On the other hand, conservation of energy implies that the transmitted power must be the incident power minus the reflected power, so another expression is

$\left<S_{2}\right> = \left(1 - \left|\Gamma\right|^2\right)\left<S_{1i}\right>$

But the two forms of the coefficients obtained for the transmitted power are not in general equal. From my calculations, they would be equal if and only if the two intrinsic impedances have a ratio which is a real number. But I don't see any reason for this to be the case in general, and yet none of the steps seem to make that assumption.

So, where does the contradiction arise?

• I would guess that with a complex impedance this implies some sort of dispersion, (i.e. work is been doing on charges, perhaps creating surface currents). Nov 10 '15 at 11:39
• I also thought this, but doesn't Poyting's theorem take conduction into account? If I recall correctly, it contains the sum of conduction current energy, electric field energy and magnetic field energy. Nov 10 '15 at 15:18
• It does, but that then doesn't imply that the Poyting vector is conserved, think about a resistor, the Poyting vector goes into the resistor with the energy it carries been turned in to Joule heating. Nov 10 '15 at 20:15

If the impedances are complex then it means you have dissipative terms. For example, if the problem was normal incidence from vacuum into a conductor, then energy conservation is not as simple as saying the (magnitude of the) Poynting vector of the incident wave equals the sum of the Poynting vectors in the transmitted and reflected waves.
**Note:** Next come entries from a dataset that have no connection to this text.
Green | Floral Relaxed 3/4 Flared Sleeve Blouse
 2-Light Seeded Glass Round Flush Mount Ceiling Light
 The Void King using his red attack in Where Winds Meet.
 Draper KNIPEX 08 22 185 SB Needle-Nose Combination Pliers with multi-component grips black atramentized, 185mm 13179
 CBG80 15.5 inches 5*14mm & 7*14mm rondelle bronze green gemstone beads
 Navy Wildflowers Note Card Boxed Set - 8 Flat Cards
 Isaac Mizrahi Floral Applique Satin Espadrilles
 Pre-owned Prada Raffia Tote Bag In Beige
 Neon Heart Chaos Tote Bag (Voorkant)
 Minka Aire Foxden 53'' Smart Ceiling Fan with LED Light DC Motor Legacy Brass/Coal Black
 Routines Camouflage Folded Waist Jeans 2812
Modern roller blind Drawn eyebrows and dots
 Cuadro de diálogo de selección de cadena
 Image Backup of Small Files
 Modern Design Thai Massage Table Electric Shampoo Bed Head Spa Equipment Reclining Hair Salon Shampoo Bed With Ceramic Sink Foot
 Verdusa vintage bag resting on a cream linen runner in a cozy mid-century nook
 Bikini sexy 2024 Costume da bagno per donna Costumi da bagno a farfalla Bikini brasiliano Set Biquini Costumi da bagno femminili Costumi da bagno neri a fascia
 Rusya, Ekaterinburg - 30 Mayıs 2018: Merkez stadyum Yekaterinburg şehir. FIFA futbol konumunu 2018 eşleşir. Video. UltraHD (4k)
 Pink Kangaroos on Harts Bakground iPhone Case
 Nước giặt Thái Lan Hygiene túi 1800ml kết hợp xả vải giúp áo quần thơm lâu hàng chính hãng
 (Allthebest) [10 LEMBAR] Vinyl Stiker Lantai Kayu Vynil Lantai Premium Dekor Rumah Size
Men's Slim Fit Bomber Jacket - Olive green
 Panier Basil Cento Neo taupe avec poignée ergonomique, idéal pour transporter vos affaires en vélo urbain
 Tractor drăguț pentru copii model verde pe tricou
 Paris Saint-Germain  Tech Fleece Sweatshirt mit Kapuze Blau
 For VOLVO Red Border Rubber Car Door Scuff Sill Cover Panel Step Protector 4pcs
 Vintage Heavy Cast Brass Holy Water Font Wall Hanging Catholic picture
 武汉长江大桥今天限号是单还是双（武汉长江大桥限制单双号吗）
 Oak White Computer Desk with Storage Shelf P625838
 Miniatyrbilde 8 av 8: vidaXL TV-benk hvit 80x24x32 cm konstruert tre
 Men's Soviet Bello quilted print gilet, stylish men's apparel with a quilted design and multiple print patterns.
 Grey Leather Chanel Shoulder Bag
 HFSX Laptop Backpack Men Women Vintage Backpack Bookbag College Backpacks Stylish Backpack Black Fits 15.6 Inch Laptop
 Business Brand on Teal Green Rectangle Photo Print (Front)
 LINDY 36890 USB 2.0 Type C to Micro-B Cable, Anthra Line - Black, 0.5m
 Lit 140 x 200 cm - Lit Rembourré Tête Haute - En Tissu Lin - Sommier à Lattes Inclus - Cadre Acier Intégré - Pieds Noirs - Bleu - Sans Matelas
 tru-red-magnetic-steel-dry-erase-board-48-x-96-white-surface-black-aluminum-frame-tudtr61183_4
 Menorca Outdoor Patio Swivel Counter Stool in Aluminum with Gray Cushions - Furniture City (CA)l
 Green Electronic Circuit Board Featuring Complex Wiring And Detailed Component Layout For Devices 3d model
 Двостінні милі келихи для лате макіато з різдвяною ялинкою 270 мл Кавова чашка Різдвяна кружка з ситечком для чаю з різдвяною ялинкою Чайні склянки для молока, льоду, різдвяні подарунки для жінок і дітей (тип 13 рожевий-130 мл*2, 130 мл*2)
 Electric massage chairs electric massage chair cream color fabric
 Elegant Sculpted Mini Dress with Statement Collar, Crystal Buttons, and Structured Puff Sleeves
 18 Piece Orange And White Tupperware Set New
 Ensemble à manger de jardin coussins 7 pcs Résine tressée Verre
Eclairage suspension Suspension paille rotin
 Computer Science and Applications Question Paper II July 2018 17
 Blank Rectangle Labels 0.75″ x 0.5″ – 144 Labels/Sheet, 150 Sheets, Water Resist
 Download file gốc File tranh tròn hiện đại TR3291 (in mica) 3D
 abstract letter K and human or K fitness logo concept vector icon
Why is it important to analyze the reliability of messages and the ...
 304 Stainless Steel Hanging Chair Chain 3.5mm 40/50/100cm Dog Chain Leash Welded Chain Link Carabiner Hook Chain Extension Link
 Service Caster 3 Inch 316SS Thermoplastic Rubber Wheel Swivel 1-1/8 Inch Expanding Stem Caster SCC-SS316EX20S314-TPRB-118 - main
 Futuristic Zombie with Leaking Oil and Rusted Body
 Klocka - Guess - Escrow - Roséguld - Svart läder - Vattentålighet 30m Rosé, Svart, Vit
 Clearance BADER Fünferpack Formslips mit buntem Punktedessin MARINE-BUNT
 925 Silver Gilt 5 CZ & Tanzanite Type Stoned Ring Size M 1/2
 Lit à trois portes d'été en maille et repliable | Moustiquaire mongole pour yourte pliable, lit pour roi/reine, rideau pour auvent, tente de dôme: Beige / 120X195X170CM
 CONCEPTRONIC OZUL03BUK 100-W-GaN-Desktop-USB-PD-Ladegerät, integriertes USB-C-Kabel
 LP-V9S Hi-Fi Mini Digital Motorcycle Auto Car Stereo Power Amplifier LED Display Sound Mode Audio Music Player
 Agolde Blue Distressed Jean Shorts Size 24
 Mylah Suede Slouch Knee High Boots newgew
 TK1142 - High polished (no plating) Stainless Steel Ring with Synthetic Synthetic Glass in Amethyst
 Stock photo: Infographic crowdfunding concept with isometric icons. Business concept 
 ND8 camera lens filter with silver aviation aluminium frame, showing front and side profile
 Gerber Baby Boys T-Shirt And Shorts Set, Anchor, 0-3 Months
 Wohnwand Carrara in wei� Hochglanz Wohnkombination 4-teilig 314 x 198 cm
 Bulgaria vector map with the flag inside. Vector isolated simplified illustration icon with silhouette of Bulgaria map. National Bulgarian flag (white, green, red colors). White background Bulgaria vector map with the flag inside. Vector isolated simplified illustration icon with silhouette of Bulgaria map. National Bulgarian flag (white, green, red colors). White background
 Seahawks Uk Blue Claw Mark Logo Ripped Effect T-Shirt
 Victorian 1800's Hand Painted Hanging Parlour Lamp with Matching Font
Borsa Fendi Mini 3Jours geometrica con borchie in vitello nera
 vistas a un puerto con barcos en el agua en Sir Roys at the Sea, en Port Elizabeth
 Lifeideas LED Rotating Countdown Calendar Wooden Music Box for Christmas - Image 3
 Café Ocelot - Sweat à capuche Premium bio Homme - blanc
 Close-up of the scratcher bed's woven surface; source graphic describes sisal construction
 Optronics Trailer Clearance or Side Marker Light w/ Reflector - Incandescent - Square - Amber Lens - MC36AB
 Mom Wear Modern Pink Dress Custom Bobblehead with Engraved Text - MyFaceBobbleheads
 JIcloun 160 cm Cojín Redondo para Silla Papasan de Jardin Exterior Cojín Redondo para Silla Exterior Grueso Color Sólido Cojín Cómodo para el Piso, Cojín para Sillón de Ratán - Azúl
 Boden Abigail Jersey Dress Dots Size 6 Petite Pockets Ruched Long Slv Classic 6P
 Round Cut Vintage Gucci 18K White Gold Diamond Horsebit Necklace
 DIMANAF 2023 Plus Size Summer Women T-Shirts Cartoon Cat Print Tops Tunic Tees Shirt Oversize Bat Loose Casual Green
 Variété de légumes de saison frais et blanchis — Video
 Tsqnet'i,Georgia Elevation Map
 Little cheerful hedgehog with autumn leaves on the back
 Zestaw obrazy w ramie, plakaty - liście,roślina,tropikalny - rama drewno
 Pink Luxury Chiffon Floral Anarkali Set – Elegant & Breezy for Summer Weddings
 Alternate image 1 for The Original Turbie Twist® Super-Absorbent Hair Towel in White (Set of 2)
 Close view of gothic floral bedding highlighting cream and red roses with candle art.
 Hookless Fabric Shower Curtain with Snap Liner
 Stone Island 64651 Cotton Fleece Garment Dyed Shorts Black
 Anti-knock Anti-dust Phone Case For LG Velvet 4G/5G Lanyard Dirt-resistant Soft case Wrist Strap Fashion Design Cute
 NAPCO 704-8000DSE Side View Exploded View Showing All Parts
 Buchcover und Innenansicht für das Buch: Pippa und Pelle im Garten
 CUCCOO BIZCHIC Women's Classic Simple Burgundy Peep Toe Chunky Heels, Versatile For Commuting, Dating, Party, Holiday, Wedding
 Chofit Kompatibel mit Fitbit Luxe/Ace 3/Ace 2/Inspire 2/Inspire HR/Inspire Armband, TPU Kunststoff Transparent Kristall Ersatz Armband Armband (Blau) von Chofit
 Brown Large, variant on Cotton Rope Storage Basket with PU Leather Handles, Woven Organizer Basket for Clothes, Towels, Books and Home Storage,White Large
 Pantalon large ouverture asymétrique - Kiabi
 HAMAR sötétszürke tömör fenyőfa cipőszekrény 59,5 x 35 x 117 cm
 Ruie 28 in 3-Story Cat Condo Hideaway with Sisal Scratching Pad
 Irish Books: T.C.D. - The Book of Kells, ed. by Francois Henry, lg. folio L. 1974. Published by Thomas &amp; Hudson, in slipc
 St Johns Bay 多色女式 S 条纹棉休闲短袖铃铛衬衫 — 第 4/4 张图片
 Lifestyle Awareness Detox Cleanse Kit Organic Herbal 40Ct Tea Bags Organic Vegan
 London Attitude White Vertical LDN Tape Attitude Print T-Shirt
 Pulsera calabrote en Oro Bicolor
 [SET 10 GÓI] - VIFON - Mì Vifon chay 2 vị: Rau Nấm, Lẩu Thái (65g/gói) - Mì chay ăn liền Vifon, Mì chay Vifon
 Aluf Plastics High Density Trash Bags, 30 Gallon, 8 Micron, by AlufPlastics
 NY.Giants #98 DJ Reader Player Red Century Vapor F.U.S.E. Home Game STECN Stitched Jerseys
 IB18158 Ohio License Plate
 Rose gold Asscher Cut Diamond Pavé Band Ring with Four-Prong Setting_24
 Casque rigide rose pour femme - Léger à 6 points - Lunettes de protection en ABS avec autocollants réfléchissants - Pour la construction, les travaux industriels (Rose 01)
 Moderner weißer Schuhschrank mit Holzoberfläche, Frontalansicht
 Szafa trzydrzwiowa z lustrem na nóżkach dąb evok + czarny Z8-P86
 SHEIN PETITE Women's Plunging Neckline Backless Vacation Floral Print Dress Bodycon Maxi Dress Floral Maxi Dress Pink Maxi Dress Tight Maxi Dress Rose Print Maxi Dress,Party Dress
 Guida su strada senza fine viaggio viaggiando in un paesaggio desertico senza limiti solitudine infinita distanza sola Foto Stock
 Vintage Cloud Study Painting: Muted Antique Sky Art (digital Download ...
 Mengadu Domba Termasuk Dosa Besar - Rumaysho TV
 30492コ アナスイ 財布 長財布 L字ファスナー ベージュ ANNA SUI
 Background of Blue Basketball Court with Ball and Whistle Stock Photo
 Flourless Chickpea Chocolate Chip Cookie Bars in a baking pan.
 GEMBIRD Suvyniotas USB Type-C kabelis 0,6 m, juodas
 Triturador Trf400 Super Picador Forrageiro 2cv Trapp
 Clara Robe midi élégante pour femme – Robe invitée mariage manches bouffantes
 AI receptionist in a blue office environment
In a conductor, then there is an ${\bf E} \cdot {\bf J}$ term that must be included in any conservation of energy calculation, because the transmitted E-field does work on the conduction charges (not the case if the impedances are real).

For example, in a conducting material with a complex wavevector, the electric field could have the form $$\vec{E} = E_0 \exp(-\alpha x) \exp[i(kx-\omega t)]\ \hat{j}$$ and the time-averaged Poynting vector will be proportional to $\exp(-2\alpha x)$, but is a vector along the x-axis.

The divergence of this is non-zero, which tells you that the Poynting vector is not a conserved quantity, so you cannot just equate the sums of the Poynting vectors.

• Indeed, conductors will have energy dissipated into the induced currents. But what puzzles me is why these are not accounted for by the Poynting vector. In the book, the theorem states that the flux of the E x H vector into a closed surface is the sum of: the volume integral of E dot J; the time derivative of the volume integral of 1/2 D dot E; the time derivative of the volume integral of 1/2 B dot H. So I would expect the dissipative term to be part of the E * J integral... Nov 11 '15 at 23:13
• @TobErnack I don't follow your confusion. Take the example of a wave propagating in a metal. Its amplitude and its Poynting vector decay exponentially. If I consider a volume in the metal, the Poynting vector in does not equal the Poynting vector out. The divergence of $S$ is non-zero, so the flux of $S$ is not conserved. I think that is all that is going on here. Nov 11 '15 at 23:26
• Hm I think I see what you mean. In the metal, if we go deep enough, the amplitude of the electric and magnetic fields will become very small and so the Poynting vector there will also be small, so it doesn't take into account all the power that was dissipated in the charges while getting there. But what about the fields right at the boundary? They don't yet have the time to decay, but their amplitudes are still different because of the transmission coefficient. Nov 11 '15 at 23:54
• So if we calculated the Poynting vector at a point just below the interface, the exponential decay term would be negligibly different from 1, and so the average power there should be close to the total power? But it seems that the magnitude of the vector is instead discontinuous right at the boundary. Nov 11 '15 at 23:58
• @TobErnack The divergence is also maximised! ${\bf E}\cdot {\bf J}$ is a sink of Poynting vector. Immediately beyond the boundary the difference between incident and reflected power is used to power the transmitted wave and power a current density. Nov 12 '15 at 0:48

You only expect transmitted power to be equal to the incident power minus the reflected power when no energy is supplied to charges (which can then lose energy to heat).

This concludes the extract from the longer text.